When we take a look at chrome://tracing, we can see that our average tick is now 11ms from our 21ms in part 2. field_tick is now 1.2ms from 5ms and game_gen_instance_buffer is now 6ms from 11ms. Excellent results for a relatively simple change.

Link to this change is here.

Dirty what?

Up next, we’re going to tackle how much data we’re storing.

VTuneSample11

Taking a look at VTune tells us that we’re heavily store bound! How do we address this? To begin, we know that our Field_Tiles never change position, they only ever change state. As a result, we can store a series of “state” change commands instead of updating the tiles every tick.

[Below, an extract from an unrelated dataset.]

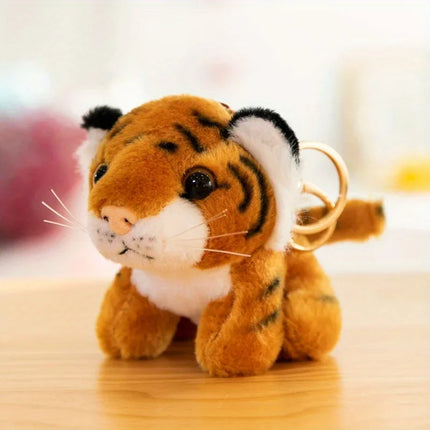 Cute Animal Plush KeyChains Stuffed Panda Little Tiger Key Chain Pendant Simulation Tiger Doll Plush Toy  Gifts
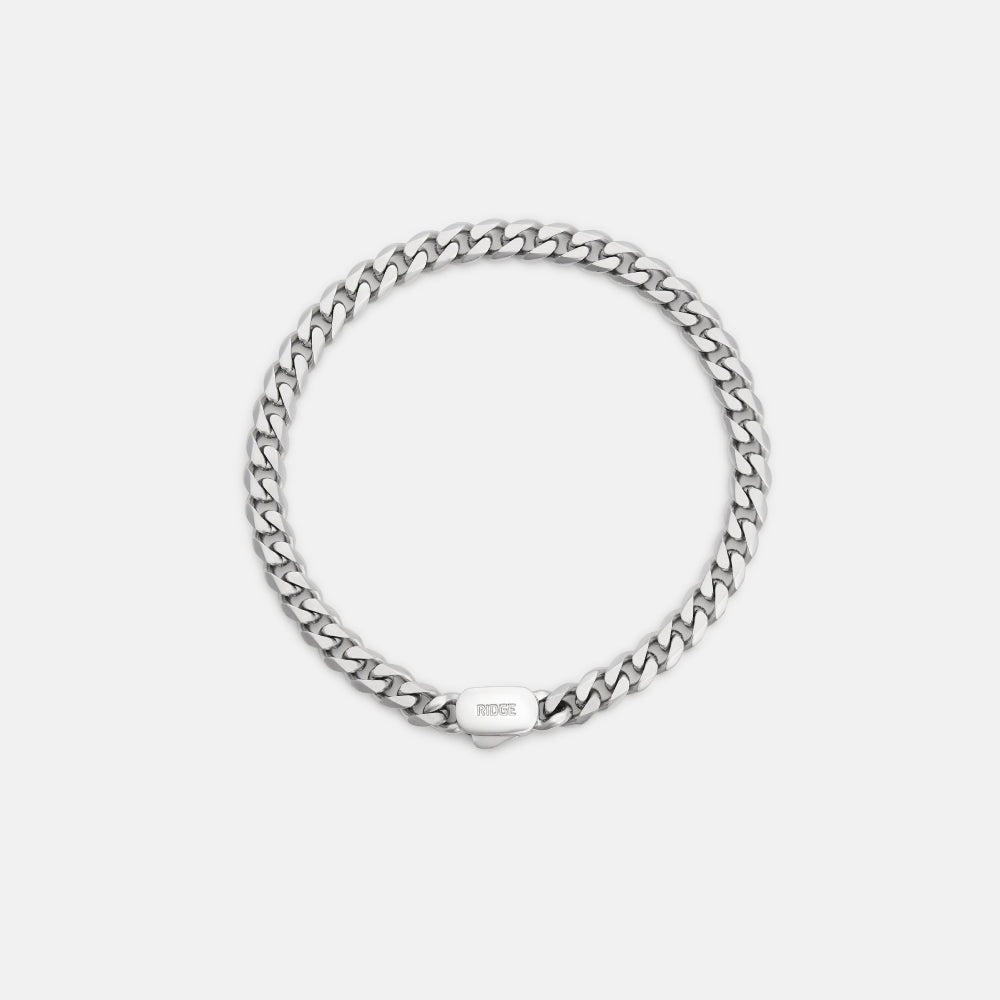 6mm Curb Bracelet - Platinum - Large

I came across this technique when working on my NES version of GO. When drawing on the NES, you only have VBlank to render everything. If you take too long, too bad, you’re going to get major flickering. Instead, one approach is to only draw what has changed during the frame by storing a series of commands indicating a change and that’s exactly what we’re going to do.

Our command structure looks like this:

typedef struct
{
    uint32_t writeIndex;
    float spriteIndex;
} Field_TileDrawCommand;

And our tile generation code now looks like this:

for (uint32_t i = 0; i < Field_TileDrawCommandCount; ++i)
{
    Field_TileDrawCommand* command = &Field_TileDrawCommands[i];
    buffer->instances[command->writeIndex].spriteIndex = command->spriteIndex;
}
Field_TileDrawCommandCount = 0;

As you can see, the tile generation code is much simpler and will touch far less memory.

VTuneSample12

Looking at our VTune results, you’ll notice that our performance has improved from 11s to 6s! Now our ai_tick and game_gen_instance_buffer functions are even. But we’ll keep tackling game_gen_instance_buffer for this part of the series.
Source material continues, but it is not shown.